Et pourtant, cette affirmation ne doit pas laisser croire qu’il existe une technique spécifique pour devenir écoutant. C’est seulement en écoutant qu’on devient écoutant.
Perspectives
Cette praxis invite des chercheurs indépendants, de toutes disciplines, à franchir le pas menant au-delà des techniques et des méthodes instituées, en amont du plan mental-verbal, afin de préserver un espace décloisonné, dédié à l’accueil de ce je-ne-sais-quoi qui peut naître de cette conjonction. Pour respecter l'intégrité de la recherche, le moteur de l’effort créateur est donc une prise de risque libre de toute attente de résultat. Le sens en arrière-plan de cette proposition, appelant aux capacités interactionelles, est la pédagogie de la rencontre elle-même.
Cette invitation tire, sa force d’une volonté de laisser émerger tous les potentiels de la situation, en prenant le temps nécessaire.

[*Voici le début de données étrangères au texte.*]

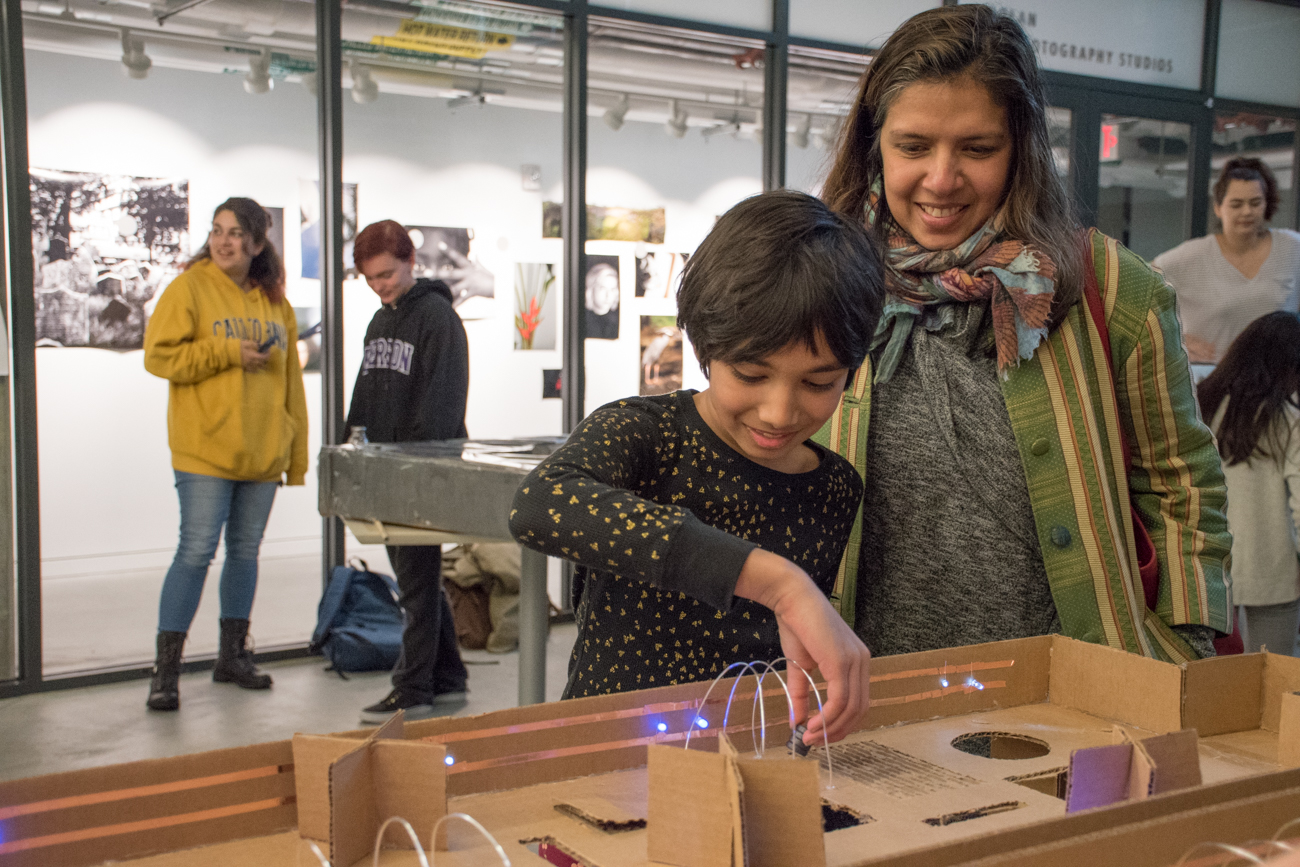 A mother and daughter smile while playing a game.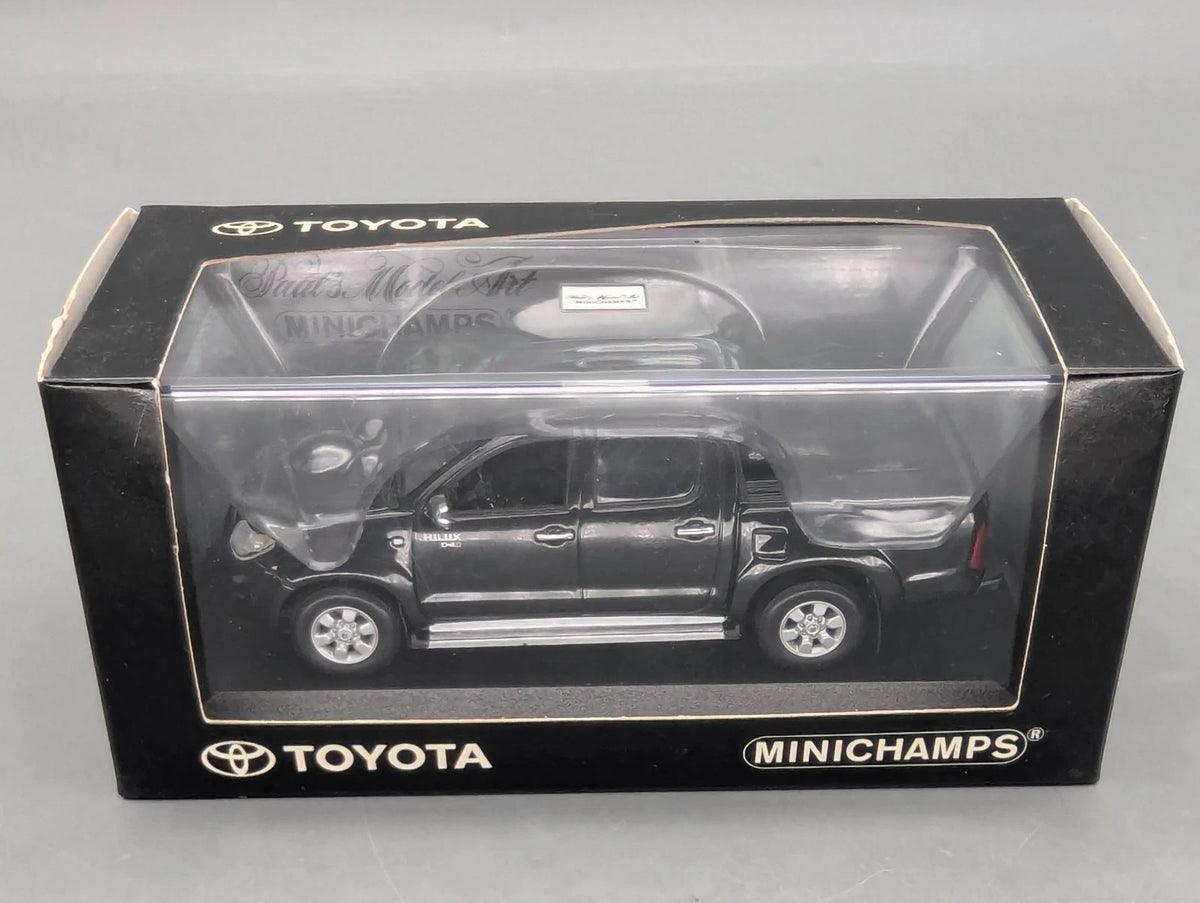Modellautos 1:43 Minichamps Toyota Hillux Schwarz mit OVP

De tels éléments artistiques servent de supports appropriés à l’éveil des dimensions subtiles des sens et de l’être dans un vibrant présent, scellant la cohérence du penser et de l’action. C’est pourquoi on peut faire l’hypothèse que les conditions réunies ici, passerelles tendues vers l’au-delà des disciplines, se prêtent à l’exercice d’un tel rassemblement et sont propices à la fusion efficiente – et sans confusion des plans – des différences, par le jeu même des phénomènes de résonance analogique, imprévisibles, qu’elles sont susceptibles de mettre en œuvre.
Cette recherche traduit l’aspiration à s’approcher d’une « vérité bien ronde » non pas dans le but de vouloir la démontrer mais plutôt de la ressentir comme une intuition nourrissante, apte à nous ramener – soit par conversion douce soit par la surprise d’un « flash expérientiel » – dans la simplicité originelle.